# Sliding closet doors and baseboard



## olli (Mar 30, 2010)

I've been painting, replacing baseboard, and closet doors in the bedroom. The person who installed the old doors cut a notch in the bottom corners so that they fit around the baseboard. I can do that again, but I'd rather not because the doors I bought are foam filled, and I wonder if there's a nicer looking way.

The problem with cutting the baseboard in pieces and leaving a slot for the door is that the drywall doesn't go all the way to the hardwood (and the hardwood is jagged at the edge where no one thought it would be seen). 

A similar question was asked here:
http://www.diychatroom.com/f14/sliding-closet-doors-base-trim-67580/

I like the idea of framing it, but my closet (two closets separated by a divider) extends all the way to both walls. There's no place to put a frame unless I build the wall out.

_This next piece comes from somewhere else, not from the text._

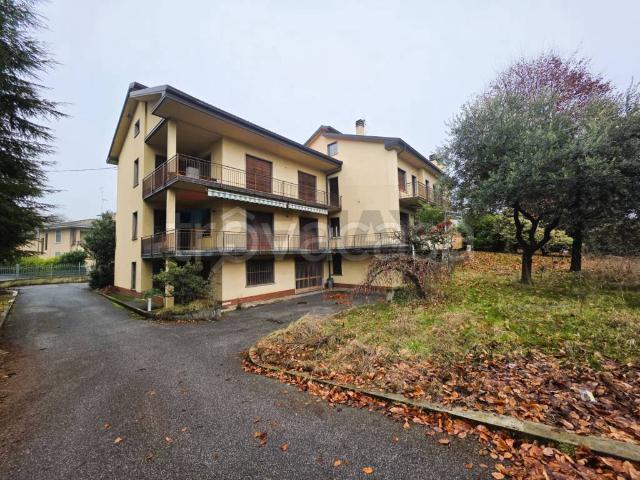 Casa indipendente in vendita a Barzago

The idea I'd thought of was to nail a 1/2 inch board (thickness of the baseboard) and about 3 inches wide up the wall like a mini-frame and then butt the baseboard into that. But would that look odd? Perhaps buying different doors and notching them is the only way to go?


----------



## kwikfishron (Mar 11, 2010)

I like it.
It would look much better than, "drywall doesn't go all the way to the hardwood and the hardwood is jagged at the edge where no one thought it would be seen".


----------